Причиной «обреченности» Петербурга Аркин называет его особую связь с «русским освобождением» (то есть с двумя на тот момент революциями) — «не только внешнюю, пространственную связь», но и «гораздо более глубокую и сокровенную», «идейную»: «революционное движение началось и сосредоточилось именно в нем [в Петербурге], ибо во всей остальной России такого движения в собственном смысле, почти и не было»[22]. При этом итоги обеих революций Аркин воспринимает с отчаянием. События 1905 года он называет «лжереволюцией, лжеосвобождением» — она «совершалась под знаком России люциферической; интеллигенция, эта преимущественная носительница люциферической стихии, была творцом и главным делателем движения 1905 года». Февральская же революция, которая должна была бы стать «истинным освобождением», оказалась «несравненно более ужасным» «образом Руси Аримановой» — «лишь игрушкой в руках иных, слепых и безмерных, сил»: «За „освобождением“ во имя Люцифера — „освобождение“ во имя Аримана. Когда же — освобождение во имя Христа?»[23]
Однако Аркин оговаривается: разрушительной «миссией» Петербург он наделил не только потому, что это — Петербург, но и потому, что это — «наш единственный город», — и далее следует цитата из А. Белого: «Прочие русские города представляют собой деревянную кучу домишек»[24]. Здесь Аркин возвращается к своей идее, заявленной в письмах Брюсову, о «противлении городу» и возврату к «стихийности и слиянию с природой»[25]. Городу Аркин противопоставляет Землю, статья заканчивается словами: «Не на болотной топи и не на граните, но лишь на ее благоуханной и плодоносной земле зацветет священная Роза национальной культуры»[26].

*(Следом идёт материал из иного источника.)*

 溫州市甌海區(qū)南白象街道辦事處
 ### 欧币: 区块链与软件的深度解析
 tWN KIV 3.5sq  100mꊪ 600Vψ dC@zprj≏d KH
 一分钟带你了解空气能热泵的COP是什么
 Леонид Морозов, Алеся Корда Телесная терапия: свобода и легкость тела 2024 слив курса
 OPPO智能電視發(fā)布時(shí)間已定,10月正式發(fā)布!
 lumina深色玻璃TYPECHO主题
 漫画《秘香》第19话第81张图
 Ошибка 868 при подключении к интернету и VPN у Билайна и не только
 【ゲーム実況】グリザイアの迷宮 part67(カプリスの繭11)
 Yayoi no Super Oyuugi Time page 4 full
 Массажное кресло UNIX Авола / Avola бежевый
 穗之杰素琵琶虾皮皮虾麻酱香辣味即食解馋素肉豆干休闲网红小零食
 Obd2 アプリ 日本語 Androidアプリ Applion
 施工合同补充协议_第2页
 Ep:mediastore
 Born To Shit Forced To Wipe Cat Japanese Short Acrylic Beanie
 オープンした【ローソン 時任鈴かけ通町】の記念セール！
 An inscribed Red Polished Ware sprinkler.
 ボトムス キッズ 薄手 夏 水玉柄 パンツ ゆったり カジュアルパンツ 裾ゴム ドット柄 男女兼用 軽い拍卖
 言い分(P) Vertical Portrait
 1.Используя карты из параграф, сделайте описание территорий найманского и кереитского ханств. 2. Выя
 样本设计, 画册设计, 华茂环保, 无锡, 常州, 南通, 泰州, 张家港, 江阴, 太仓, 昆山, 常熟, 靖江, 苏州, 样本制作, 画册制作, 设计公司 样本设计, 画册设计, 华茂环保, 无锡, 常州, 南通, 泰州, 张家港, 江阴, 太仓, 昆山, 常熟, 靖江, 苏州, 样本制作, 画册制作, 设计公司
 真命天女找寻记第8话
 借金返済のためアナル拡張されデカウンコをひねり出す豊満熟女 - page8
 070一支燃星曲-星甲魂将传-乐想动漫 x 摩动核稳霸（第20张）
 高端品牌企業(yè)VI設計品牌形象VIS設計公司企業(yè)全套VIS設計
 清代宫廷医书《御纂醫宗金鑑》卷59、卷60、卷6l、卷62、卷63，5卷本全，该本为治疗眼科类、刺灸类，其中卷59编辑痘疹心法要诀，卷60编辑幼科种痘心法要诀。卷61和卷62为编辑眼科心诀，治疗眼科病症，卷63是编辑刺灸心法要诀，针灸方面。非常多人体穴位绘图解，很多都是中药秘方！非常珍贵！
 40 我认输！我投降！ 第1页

Спустя несколько месяцев, уже после Октябрьской революции, Аркин вернулся к этой теме в статье «Любовь к земле», опубликованной в журнале «Народоправство». Здесь он продолжил: «Русское сознание не знает чувства более глубокого, более сокровенного и родного, чем особое, именно в нашей народной психике выявившееся наиболее ярко, — чувствование земли, тайная и теснейшая связь всего существа народа с темным и бесконечно-огромным лоном Великой Матери»[27]. А далее — про «чувствование земли», про «мистическую веру» в нее как в «божественную стихию жизни», в отличие от немецкой ее трактовки как «бездушного объекта экономики» — статья написана за месяц до Брестского мира, но Аркин уже говорит об «утрате воли к противлению Германии»[28]. И вновь про революцию, теперь Октябрьскую: «Вглядываясь в сущность событий, ныне свершающихся в России, мы подмечаем, как главенствующую черту их духовного облика, — поразительное ослабление чувствования земли в русском сознании»[29]. «Карамазовщина — вот имя теперешнему состоянию русского сознания», — заключает Аркин[30].